/GMHI2-pipeline

Primary LanguagePythonMIT LicenseMIT

GMHI2: Gut Microbiome Health Index 2

Anaconda-Server Badge Anaconda-Server Badge Anaconda-Server Badge Anaconda-Server Badge Anaconda-Server Badge

Description

Gut Microbiome Health Index 2 (GMHI2) is a robust index for evaluating health status based on the species-level taxonomic profile of a stool shotgun metagenome (gut microbiome) sample.

Installation

To avoid dependency conflicts, create an isolated conda environment and install gmhi2

  1. Install via conda
conda create --name gmhi2_env -c danielchang2002 python=3.7 gmhi2
  1. Activate environment
conda activate gmhi2_env

Usage

usage: gmhi2 [-h] [-o OUTPUT] --fastq1 FASTQ1 --fastq2 FASTQ2

DESCRIPTION:
GMHI2 version 1.0
Gut Microbiome Health Index 2 (GMHI2) is a robust index for evaluating 
health status based on the species-level taxonomic profile of a stool 
shotgun metagenome (gut microbiome) sample.

AUTHORS:
Daniel Chang, Vinod Gupta, Jaeyun Sung

USAGE:
GMHI2 is a pipeline that takes as input two raw fastq files generated 
from a paired end sequence, performs quality control, estimates microbial 
abundances, and returns as output a health index score.
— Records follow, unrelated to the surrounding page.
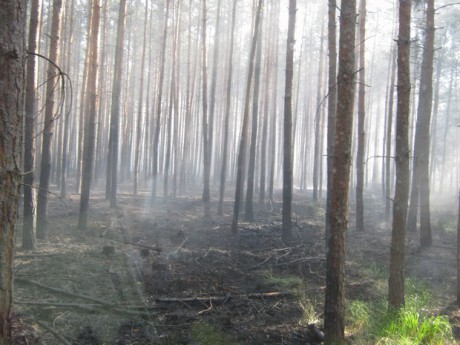 Požár u Bzence  (3)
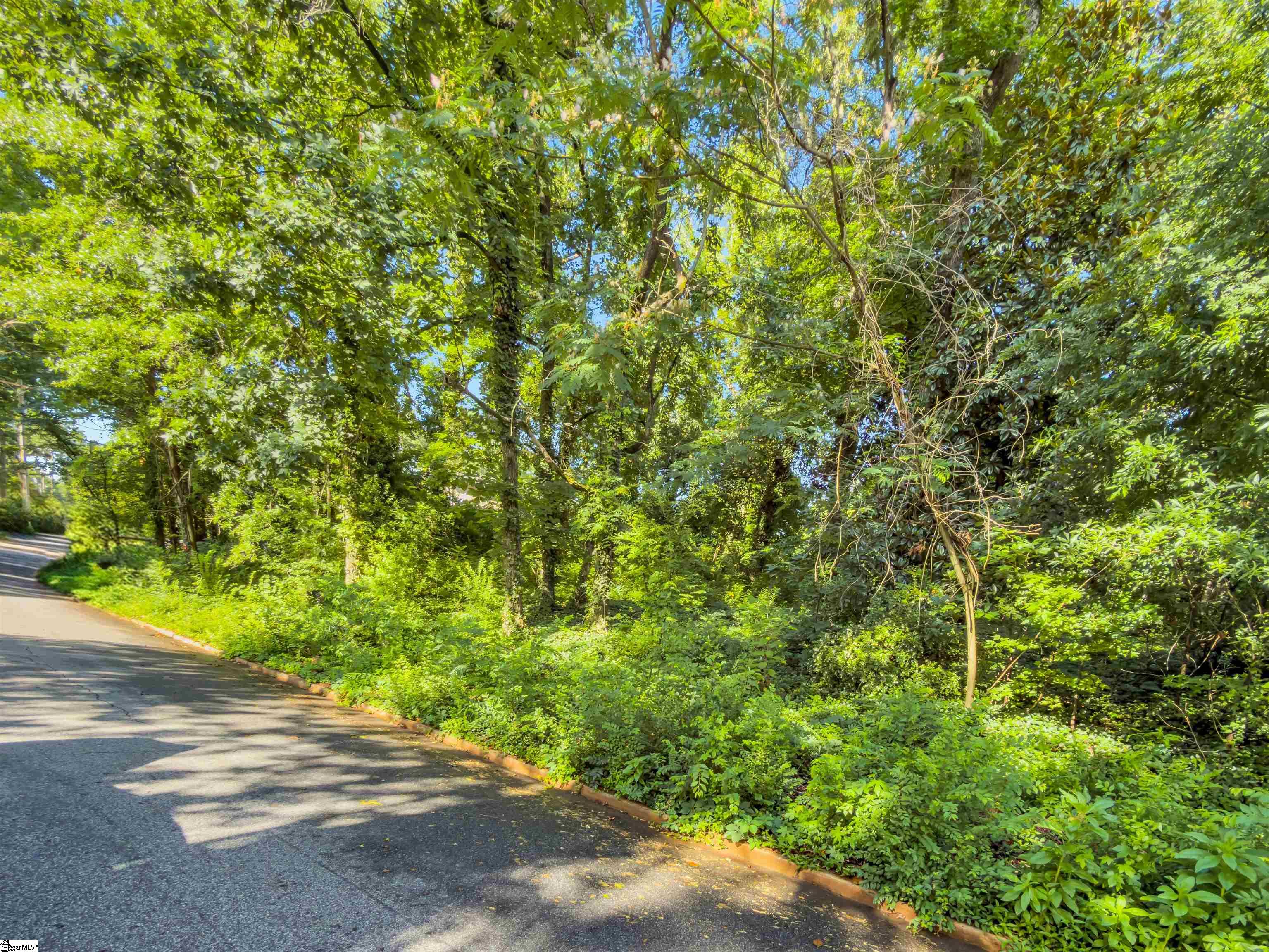 N Avondale Drive Greenville, SC 29609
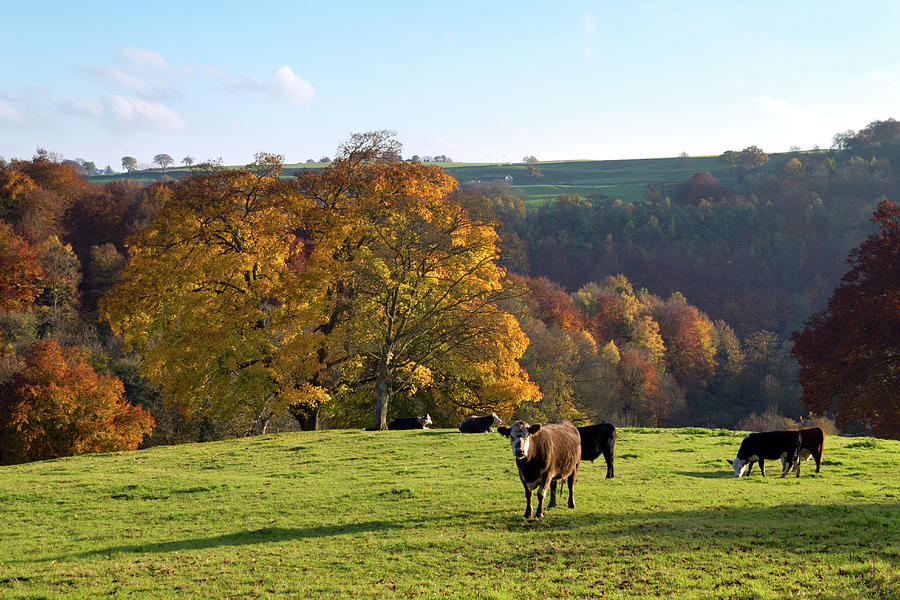 Picturesque Cotswolds - Autumn #1 Photograph by Seeables Visual Arts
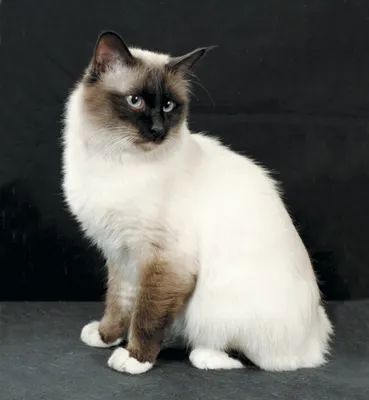 Загадочная бирманская кошка на фото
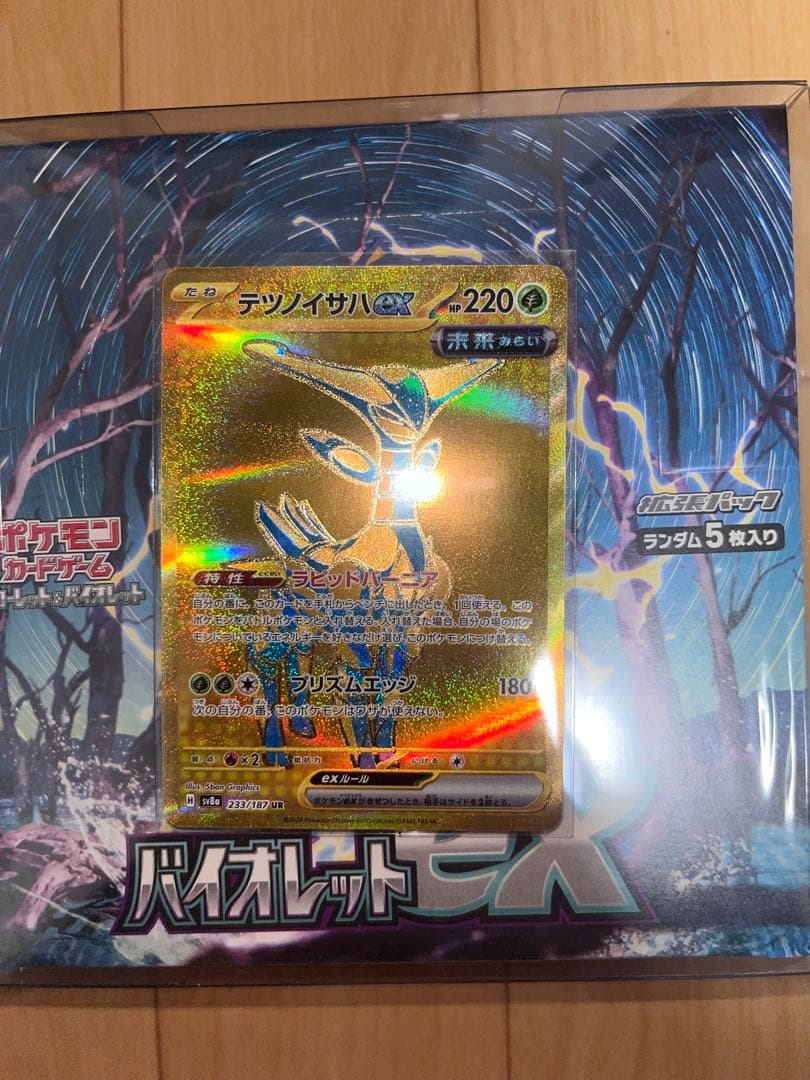 カイリューEX バイオレットEXボックス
* Profiling a metagenome from raw reads:
$ gmhi2 --fastq1 metagenome1.fastq --fastq2 metagenome2.fastq

optional arguments:
  -h, --help            show this help message and exit
  -o OUTPUT, --output OUTPUT
                        Output file name

required named arguments:
  --fastq1 FASTQ1       first input fastq file
  --fastq2 FASTQ2       second input fastq file

Example

Directory structure:

.
├── metagenome1.fastq
└── metagenome2.fastq

Command:

gmhi2 --fastq1 metagenome1.fastq --fastq2 metagenome2.fastq -o GMHI2.txt

Result:

.
├── GMHI2.txt
├── abundance.txt
├── metagenome1.fastq
└── metagenome2.fastq

where GMHI2.txt is a text file with a single line containing the health index score of the metagenome, and abundance.txt is a tsv containing the estimated microbial abundances.

Runtime

Runtime depends on the size of the input metagenome and the system specs.

On a 2019 MacBook Pro with a 2.3 GHz 8-Core Intel Core i9 processor and 16GB of RAM, a single run of gmhi2 on an input metagenome of 4 GB takes 29 minutes.

Note: the initial run on any machine will take extra time because databases will need to be downloaded and installed before the actual computation.